- [Crawled caption data]:
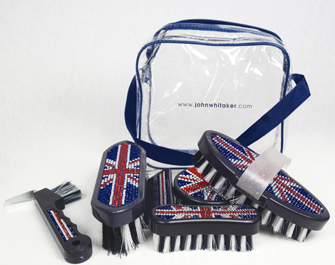 Whitaker Grooming Kit - 2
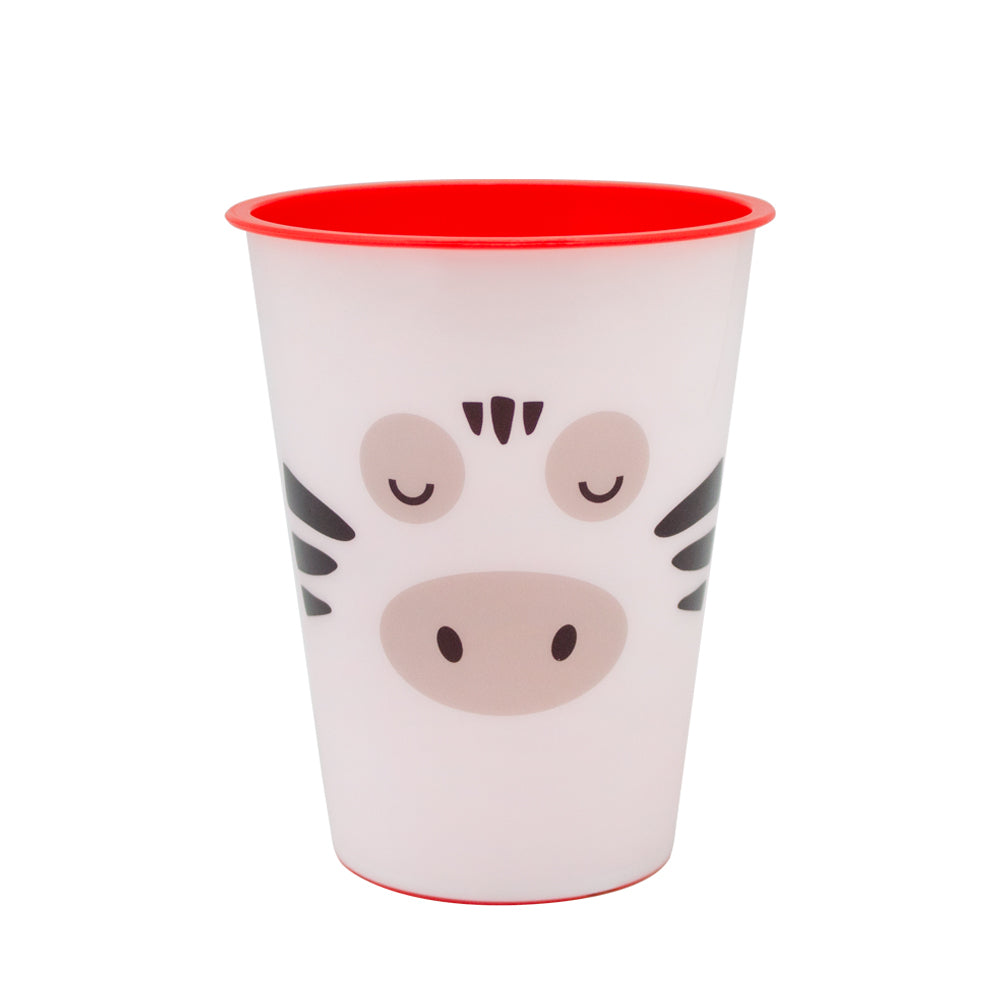 Vaso Animals Collection Kido 450ml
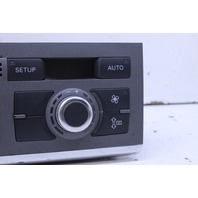 2005 Audi A6 Climate Temperature Control Panel OEM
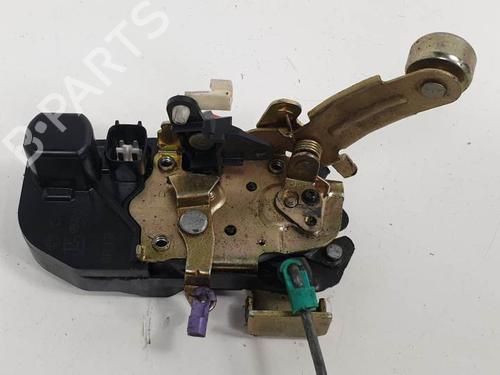 Front right lock JEEP CHEROKEE (KJ) 2.8 CRD 4x4 | BP6842348C97 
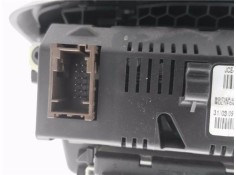 Recambio de display para peugeot 207 1.4 referencia OEM IAM 9665989780 1056614 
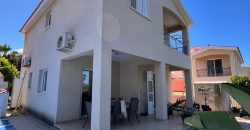 Paphos Konia 3Bdr Villa For Sale PRK42518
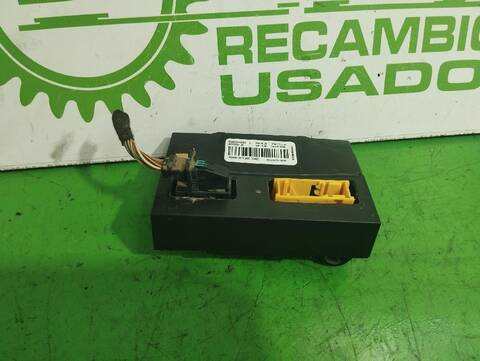 Centralita Aire Acondicionado Citroen C4 1.6 16V HDI FAP 109CV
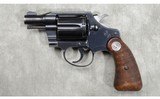 Colt ~ Detective Special ~ .38 Special - 2 of 2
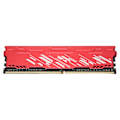Miniatyrbild 4 av 8: Skrivbordsminnesmodul DDR4 XMP 3600MHz PC4 28800U Aluminiumlegering Minnesmodul RAM-modul 8GB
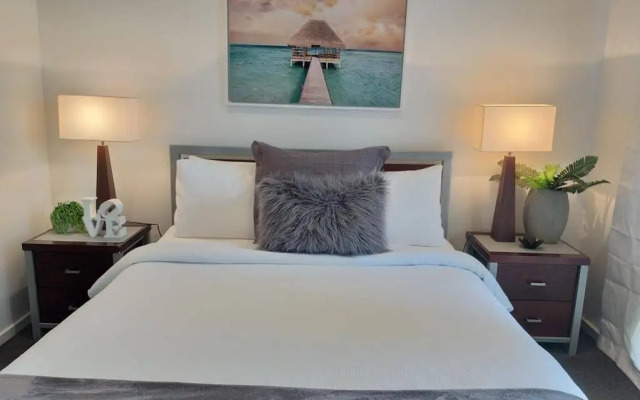 Island Cove Villas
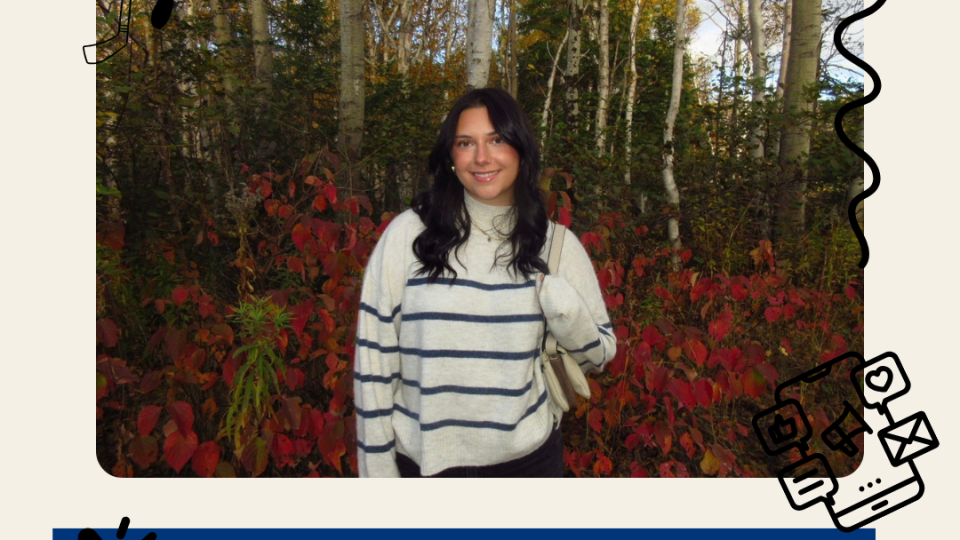 Welcome to the Team Olivia!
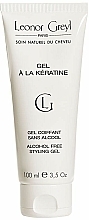 Düfte, Parfümerie und Kosmetik Styling-Haargel mit Keratin - Leonor Greyl Gel a la Keratine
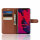 Handy Tasche Huawei Mate 20 Pro Klapptasche Flip Cover Schutz Buch Hülle Etui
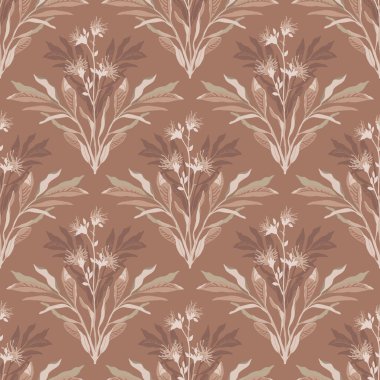 Doğal ve zamansız elementlerin gerekli olduğu ürün tasarımı, markalaşma veya iç estetik için. Dijital ve yazdırma uygulamaları için hazır.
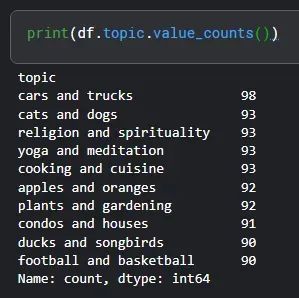 文本聚类效果差？5种主流算法性能测试帮你找到最佳方案_人工智能_02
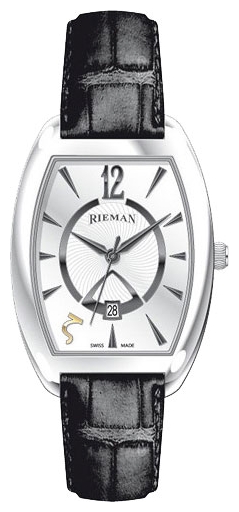RIEMAN R6540.126.212 wrist watches for women - 1 image, picture, photo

- [Exercise goal]:
Please set down exactly the lines from the first line of the data above through the line with "Doğal ve zamansız", both included, leaving out the pictures.

- [Written solution]:
 Whitaker Grooming Kit - 2
 Vaso Animals Collection Kido 450ml
 2005 Audi A6 Climate Temperature Control Panel OEM
 Front right lock JEEP CHEROKEE (KJ) 2.8 CRD 4x4 | BP6842348C97 
 Recambio de display para peugeot 207 1.4 referencia OEM IAM 9665989780 1056614 
 Paphos Konia 3Bdr Villa For Sale PRK42518
 Centralita Aire Acondicionado Citroen C4 1.6 16V HDI FAP 109CV
 Colt ~ Detective Special ~ .38 Special - 2 of 2
Miniatyrbild 4 av 8: Skrivbordsminnesmodul DDR4 XMP 3600MHz PC4 28800U Aluminiumlegering Minnesmodul RAM-modul 8GB
 Island Cove Villas
 Welcome to the Team Olivia!
 Düfte, Parfümerie und Kosmetik Styling-Haargel mit Keratin - Leonor Greyl Gel a la Keratine
 Handy Tasche Huawei Mate 20 Pro Klapptasche Flip Cover Schutz Buch Hülle Etui
 Doğal ve zamansız elementlerin gerekli olduğu ürün tasarımı, markalaşma veya iç estetik için. Dijital ve yazdırma uygulamaları için hazır.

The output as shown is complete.